Stolichnaya vodka is rebranding to just “Stoli” to distance itself from the Russian hordes invading Ukraine, the spirit-maker has announced.
Although Stoli is the name many Americans have always used to request the beloved adult libation, Stoli Group is officially dropping the chnaya to reflect “the founder’s vehement position on the Putin regime” as well as its employees’ “determination to take action.” The company also hopes the name change will “accurately represent Stoli’s roots in Latvia,” it said in a statement on Friday.
In the statement, Russian-born Stoli Group founder Yuri Shefler said he was exiled from Russia in 2000 for his opposition to Russian President Vladimir Putin.

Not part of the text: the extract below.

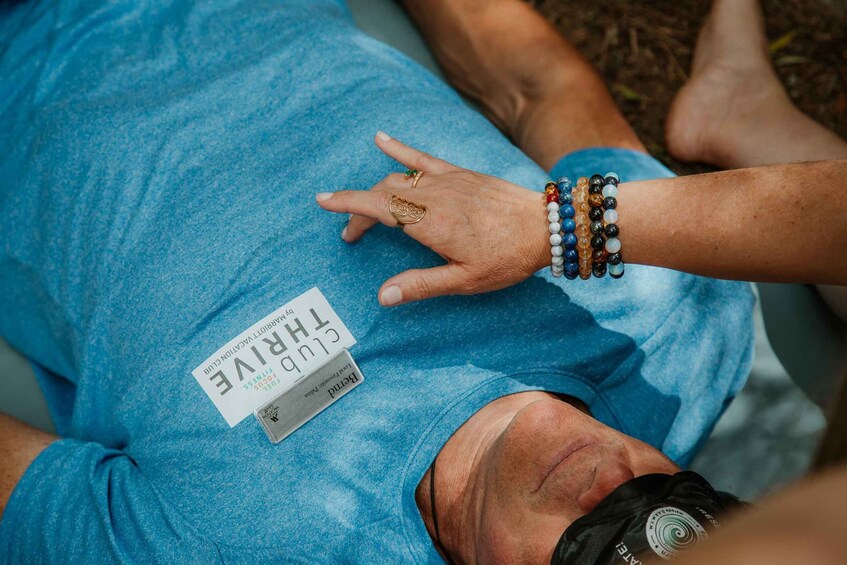A person lying on the ground wearing a blue shirt with a name tag. 2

“Today, we have made the decision to rebrand entirely as the name no longer represents our organization. More than anything, I wish for ‘Stoli’ to represent peace in Europe and solidarity with Ukraine,” Shefler said.
Although Stoli has been produced in Latvia since 2000, the company sought to make that abundantly clear last week when reports began surfacing that drinkers and merchants were fixing to ban what they believed to be Russian vodkas in the U.S. and around the world. Vodka is the top-selling spirit in the U.S., bringing in $7.3 billion a year in revenue, so that’s a lot of liquor some people are mistakingly pouring down the drain.
“As the Founder of SPI Group of companies, I have personally experienced persecution by the Russian authorities and I share the pain of Ukraine and its people,” Shefler said in an earlier statement when stores began removing his spirit from shelves.
However, as DistilleryTrail points out, Russia accounts for just 1.7 percent of all vodka imported to the U.S., according to data from the Distilled Spirits Council of the United States. To ensure that not even Russian ingredients end up in Stoli, the company also says it will “engage exclusively with Slovakian sources to further ensure 100% non-Russian alpha grade spirit.”
Smirnoff brand vodka is also suffering from misdirected anti-Russian sentiment. Although its roots date back to 19th century Russia—and although it shares its name with the greatest of all Russian exports—CNN notes that Smirnoff is actually owned by British spirits corporation Diageo and is produced in Illinois.